Thursday, May 1, 2014

KENANGAN UNTUK ANAK WALIKU



Angin merengkuhkan rasa gundahnya. Mengumpalkan perasaan itu ke semua orang yang menghirupnya. Sukses! Angin membuat hati ini begitu pekik terhadap suasana. Dengan gumpalan udara yang tak begitu bersih aku menghirup dalam-dalam hembusan angin tersebut. Ku rasakan memori terekam dan seketika ku pejamkan mata lamat-lamat.
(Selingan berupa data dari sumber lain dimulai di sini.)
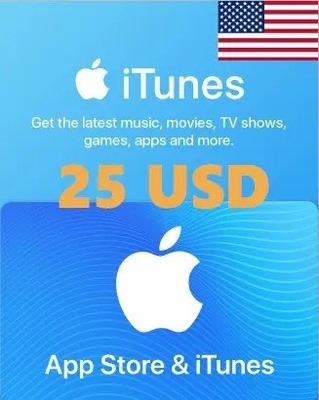 $25 USD ITUNES APPLE GIFT CARD KARTA US KOD KLUCZ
Kembali terekam suasana yang begitu indah. Begitu syahdu dengan alunan lagu melow yang kau buat untukku. Waktu itu kita di taman sekolah yang begitu indah dengan banyak beragam macam tanaman hijau, kau mengatakan aku adalah sosok wanita yang kau cari-cari sejak dahulu. Kau selalu mengatakan rasa yang pernah kau berikan hanya untukku. Mungkin, karena terpaan setiap katamu yang begitu manis aku terbuai. Nyatanya, saat ini kau tidak baik untukku. Kau meninggalkan ku dengan semua kenangan kita.
Kau jahat! Sangat begitu jahat. Setiap untaian kata yang selalu kau berikan itu hanyalah angin semata. Angin yang menerbangkan setiap untuaian kata manis itu. Aku menyesal saat itu sangat percaya kepadamu kalau memang kau benar teramat sangat baik untuk ku.
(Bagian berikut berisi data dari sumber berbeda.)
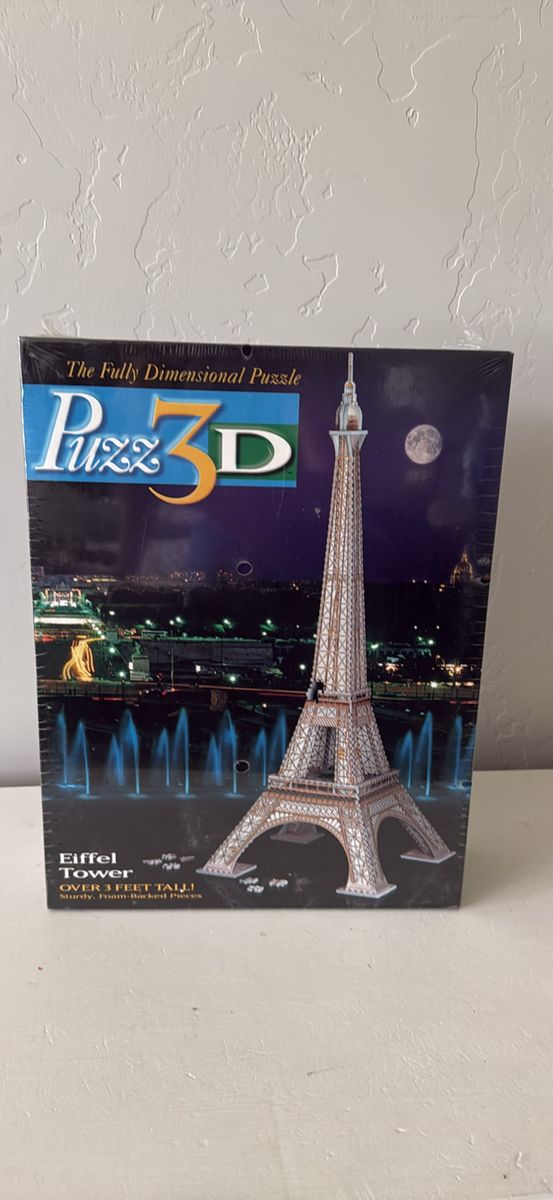 NEW Puzz 3D Eiffel Tower Fully Dimensional Jigsaw Puzzle - Over 3 Feet Tall, New Sealed Box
Aku sedih saat kau bilang kau titip semua kenangan kita. Aku sangat sedih! Aku tak mengerti apa maksud semua itu. Apa maksud dari pembicaraan itu? Aku memang ssudah memendam rasa curiga saat sebelum kau mengucapkan kata-kata yang tak ingin ku dengar itu.
Aku langsung bertanya kepada kamu, “Maksud kamu? Kamu ingin kita menyudahi semua hubungan ini?” Tanyaku dengan raut yang sangat begitu serius. Ku rasakan tiba-tiba angin tampak begitu kencang hingga rambutku yang terurai langsung saja terhembuskan oleh terpaan udara. “Ku rasa kamu bosan dengan aku,” Katanya dengan santai sembari menghirup dalam-dalam rokok yang merupakan makanan sehari-harimu. Kau yang hanya memakai kaus oblong dan celana jeans ketatmu dan beralaskan kepala —topi— yang entah gaya apa tak ku mengerti itu, berbicara dengan santai mengucapkan kata-kata perpisahan.
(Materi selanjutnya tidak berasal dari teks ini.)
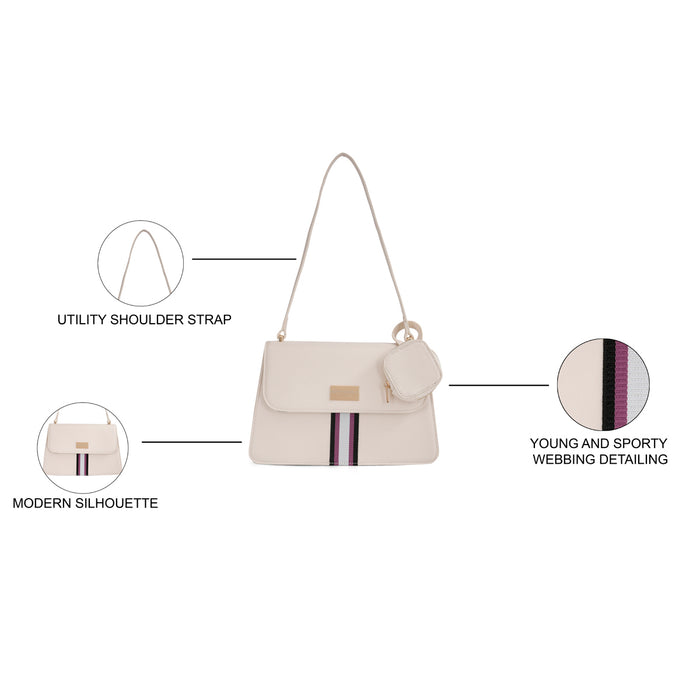 Aeropostale Agetha Sling Handbag ivory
“Kamu sok tahu!” Seruku langsung bersandar di kursi yang sedang kita duduki naungannya. Tempat biasa kita, taman kota. “Apa buktinya?” Tanyaku kembali sembari menelaah setiap kata yang ia keluarkan. Tapi yang ku dengar dari ucapanya, dia hanya memutarkan fakta apa yang diucapkan. Kurasa yang bosan dengan hubungan ini adalah dia. Iya kamu! Batinku.
“Tidak ada alasan lain? Punya yang baru?” Tanyaku sangat curiga. Sempat tersenggak karena kebulaan asap rok*k yang ia keluarkan. “Pasti punya yang baru kan? Sudah, alasan kamu basi! Kenapa enggak jujur saja? Dan enggak usah memutarkan fakta begitu, kalau nyatanya kamu yang bosan denganku,” Aku langsung berdiri meninggalkan ia sendiri. Di taman kota itu.
Udara yang ku hembuskan di pagi hari ini adalah udara yang kedua minggu tanpa kamu menemaniku. Tanpa kamu di sisi ku. Setelah acara kita bertengkar di taman kota itu, kamu hanya meminta maaf lewat pesan singkat dan entah ditelan bumi yang mana tiba-tiba kamu menghilang tanpa meninggalkan jejak sedikit pun. Dan tanpa sepatah kata pun kamu menggantungkan hubungan kita.
Jujur saja, aku merindukan kamu. Aku merindukan perhatian kamu yang dulu. Aku merindukan ocehaan kamu jika kamu memarahiku dengan penuh kasih sayang mu. Ahhhhhh! Ku teriak sekencang-kencangnya di danau yang sepi ini. Aku bosan merindu. Aku bosan terus-terusaan menunggu kamu yang tak pasti datang ini.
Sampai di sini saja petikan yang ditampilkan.